La reconciliación es un proceso de sanación de una sociedad afectada por años de enfrentamientos, que implica el reconocimiento mutuo de los daños causados, el arrepentimiento y el compromiso de no repetirlos, la reparación de agravios, la superación de los traumas, la creación de nuevas relaciones sociales y un cambio en las percepciones. Por consiguiente, requiere un tránsito desde los sentimientos de desconfianza, hostilidad y odio hacia los de respeto, confianza, solidaridad, participación y desarrollo compartido. Para que la reconciliación tenga plenas posibilidades y se evite el riesgo de volver a la violencia, tiene que estar ligada a la resolución de las causas del conflicto, lo que exige justicia y también perdón.

Cuando se habla de perdón, en la lógica de la no-violencia, siguiendo la tradición de Gandhi y Luther King, nos referimos a un sentimiento complejo que es capaz de sobreponerse a las emociones comprensibles y hasta necesarias de rabia, odio, y deseo de venganza que se suscitan en medio de conflictos atravesados por el maltrato y la violencia; lo que implica una decisión donde se opta por reconocer la humanidad del agresor a pesar de su conducta. Comenzar a hablar de perdón en un contexto como el nuestro, supone cuidado para que no sea utilizado por discursos que favorecen la impunidad, pretenden ignorar la justicia o que invocan una paz que no será posible si no se saldan aspectos sustanciales del pasado.

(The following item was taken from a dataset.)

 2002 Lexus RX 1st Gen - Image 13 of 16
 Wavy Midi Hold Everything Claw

s decir, no se puede pedir a las víctimas de la violencia que, en nombre de la reconciliación, perdonen a sus agresores y olviden, para que ahora “todos juntos”, entonemos un canto por la paz. Cuando se habla de perdón no se indica que la víctima tenga que hacerse amigo del victimario, sino de la capacidad para experimentar que no vale la pena la venganza ni tampoco alimentar el resentimiento que genera autodestrucción. La acción del perdón no implica ni resignación ni parálisis, pues, como pensaba Gandhi, no hay perdón cuando se hace desde un lugar de sumisión y derrota.

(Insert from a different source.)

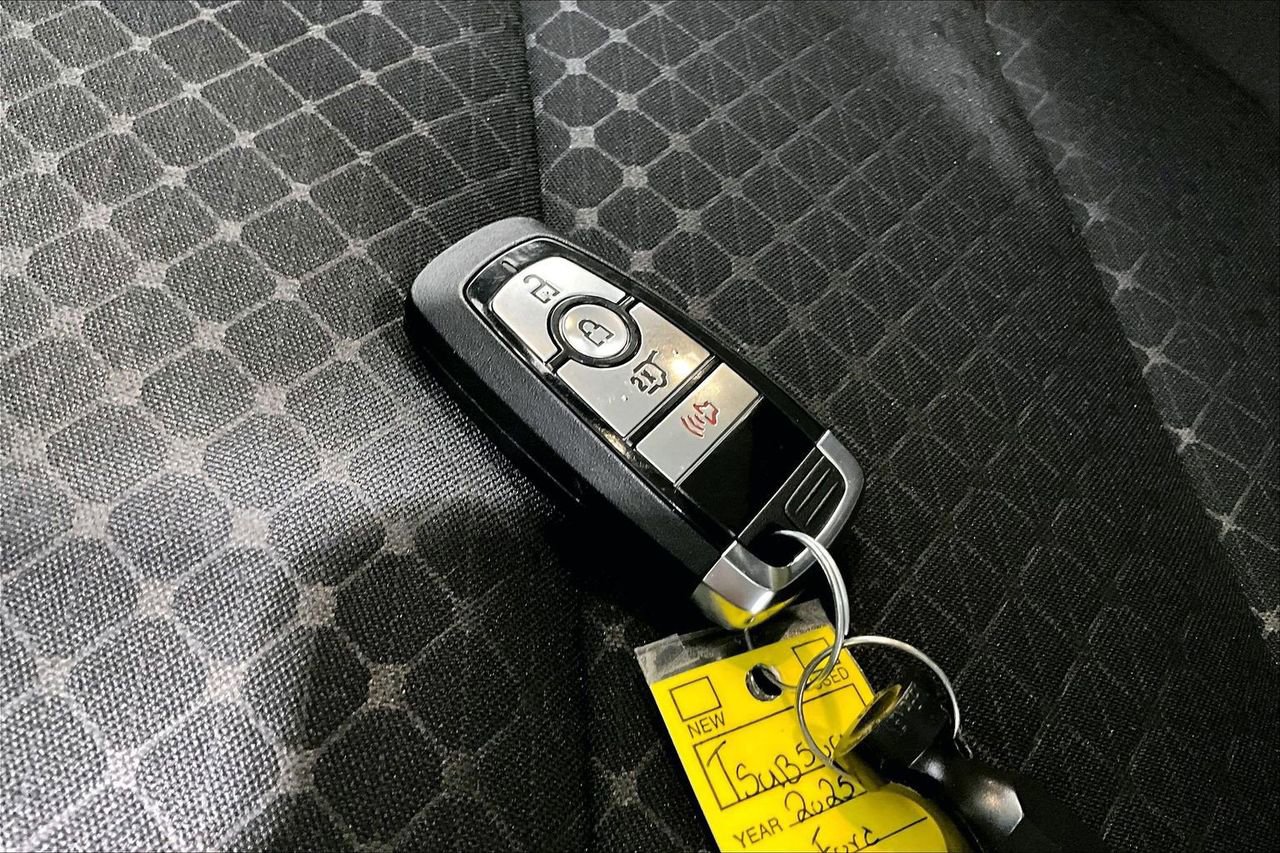 Certified 2025 Ford Escape Active FWD image 11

Perdonando, la gente tiene derecho a reclamar, a movilizarse y a actuar para transformar las condiciones de opresión e injusticia; sólo que ahora se hace desde la superación del odio y el deseo de venganza, considerando que el adversario es tan humano como cualquier otro y no merece el mismo trato que él da a quienes oprime o violenta, lo cual, también pasa por un clima de justicia que dignifique a las víctimas y permita la reconciliación y la reconstrucción del tejido social.

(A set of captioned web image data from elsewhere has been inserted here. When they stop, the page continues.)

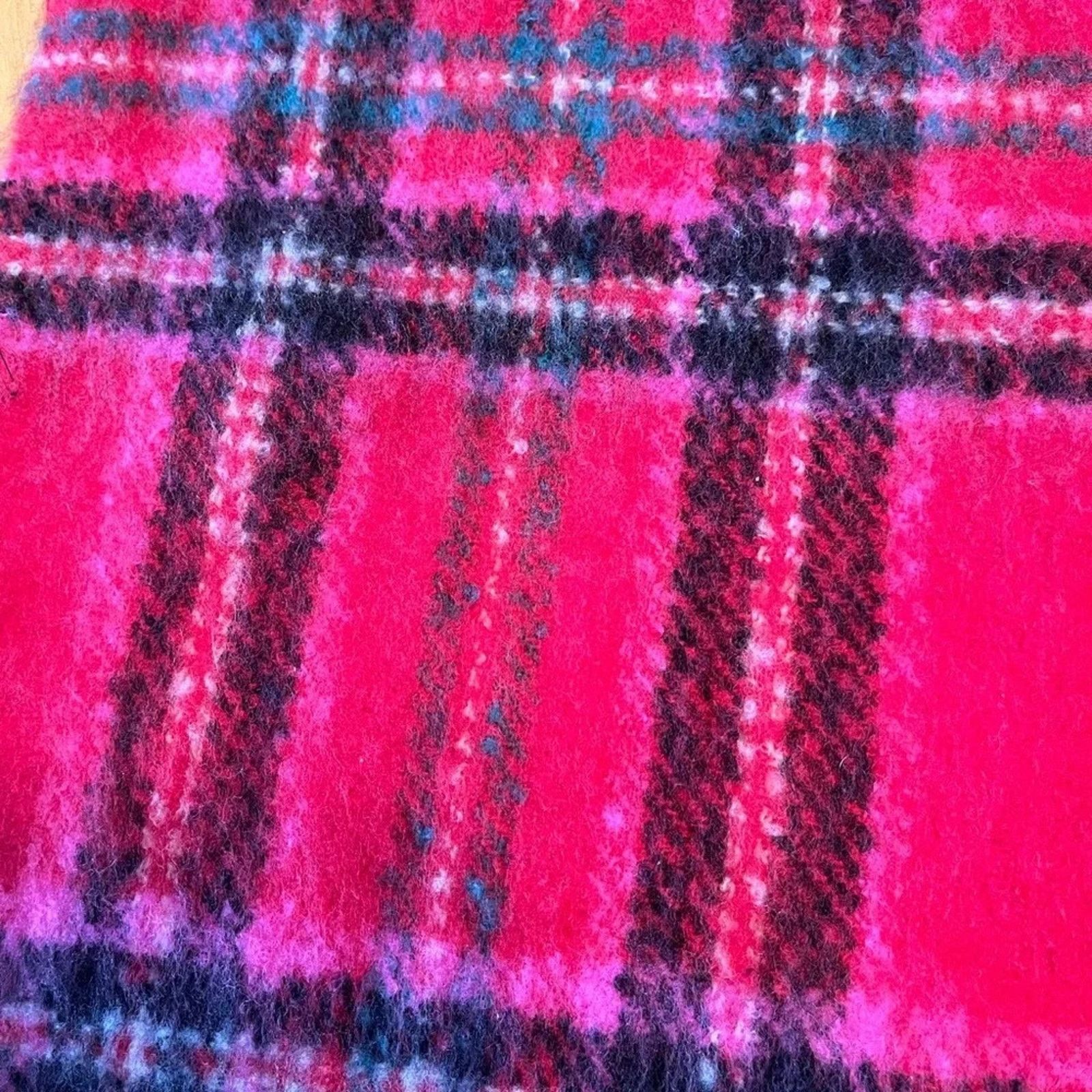 Victoria's Secret Victoria’s Secret scarf, new with tags Size ONE SIZE - 3 Thumbnail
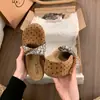 Chinelos femininos estilo Birkenstock com plataforma de bolinhas e sola grossa, para usar ao ar livre, novo modelo slip-on moderno 2026, bico fechado, meio chinelo
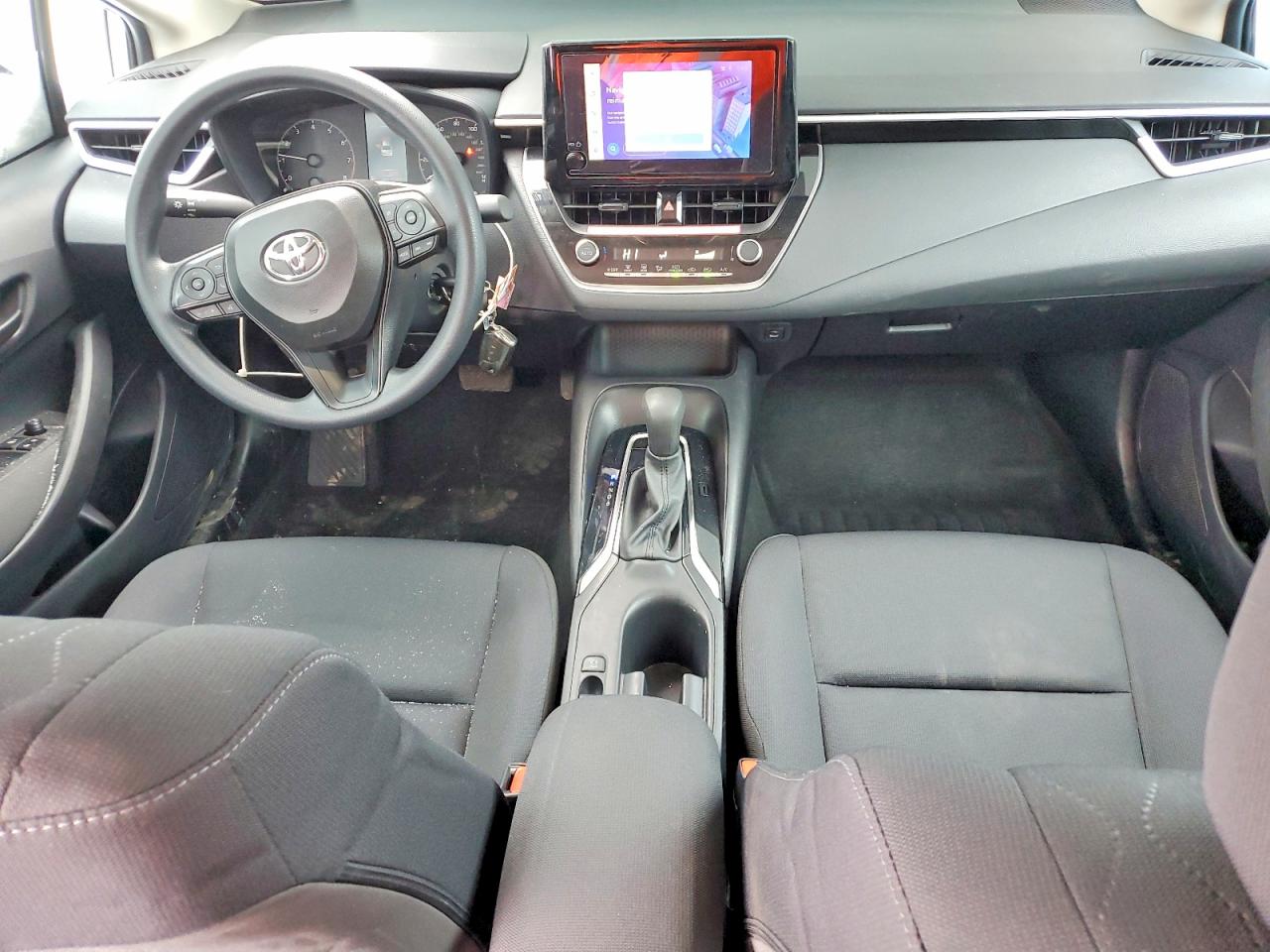 2024 TOYOTA COROLLA LE photo 22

Perdonar no es decirle a quien nos ha hecho daño: “todo está bien, no pasa nada”. Perdonar es un acto que libera el alma de la necesidad de vengarse y de la percepción de sí misma como una víctima. Más que exonerar de culpa a quien ha causado daño, significa liberarnos del dominio que ejerce sobre nuestra mente el hecho de considerarnos víctimas.